Pig is the most common mammalian species (21% NISP) and the second most abundant species after chicken. The available age information indicates a preference for the tender meat from suckling pigs. Sheep bones are also fairly common in the assemblage (11% NISP) and most are lambs just a few months old. Less common mammalian species include cattle, horse, dog and deer. The latter is mostly represented by antler off-cuts from object manufacture.
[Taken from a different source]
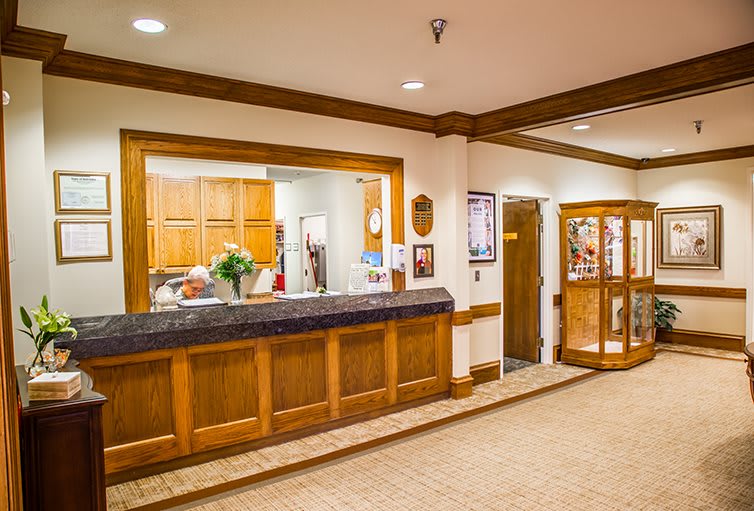 A welcoming hotel reception area with wood paneling and warm lighting.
The basic pattern of relative importance outlined above, that is an abundance of birds but few mammals, is characteristic of monastic diets and linked to the Rule of religious observance as defined by St Benedict. Following this Rule, fish and the meat of birds was permitted but the meat of quadrupeds was forbidden to all except the sick. The dietary evidence from Glastonbury Abbey suggests that the monks cheated a little to get round these rules by consuming fish- substitutes. These substitutes included animals that were considered to have a similar anatomical, physiological or ecological (i.e. aquatic habit) resemblance to fish and included newborn lambs and piglets from the water environment of the uterus.